When I approach a redesign of my own portfolio, I take it as an opportunity to learn as many new topics as possible as well as create something that feels ‘new’ to the internet. This time around, I took the opportunity to explore Node.js. I’ve had limited experience with Node on a second-hand basis in the past; both of the winning hackathon projects I worked on operated via a Node backend. This website, however, is my first time using Node to build any sort of site of my own.
I structured my Node environment around Amazon's Elastic Beanstalk as to take advantage of their integrated git deployment system. The code, therefore, is versioned on github. If you happen to take a look at my user page, you might note this page was mostly built on the nights and weekends of an 17-day committing spree. There's passion in those numbers, friend.
To keep myself on-track, I used Asana to prioritize tasks. The Asana workflow worked well because I also utilize it for work; so when I had an idea I could quickly add it to my list, then I could check off a couple tasks each night.
The website it's self is built on Express.js, the popular server framework. The CSS is preprocessed using Stylus with Nib for vendor prefixing. Stylus carried only a slight learning curve from Less or Scss, but had some major advantages. The biggest thing Stylus offered was the ability to inline, then group my media queries using a cache.
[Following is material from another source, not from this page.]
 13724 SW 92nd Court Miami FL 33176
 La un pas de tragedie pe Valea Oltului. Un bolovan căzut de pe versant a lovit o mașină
Roman Komarov, a Stylus contributor, writes about the process on his blog (kizu.ru).
The design of this site comes from the evolution and iteration of many various projects. For example, you may be asking yourself, “Where's my hamburger?” The hamburger, in this case refers to the 3-bar menu icon used throughout contemporary UI design. In my initial design for the site I used the hamburger, and neatly crafted the animation of ☰ to ✕ on activation. However on this website, my playground for experimentation, I wanted to try something a little different. I landed on the “+ to —” set as an alternative to the mainstay of the hamburger.
In large part, the website was inspired by a two week vacation to Tokyo. Though many of the elements existed independently, the trip acted as a sabbatical for me to bring these ideas together. I've always had a passion for minimalism, and of all places I feel a portfolio is a good place to limit visual noise.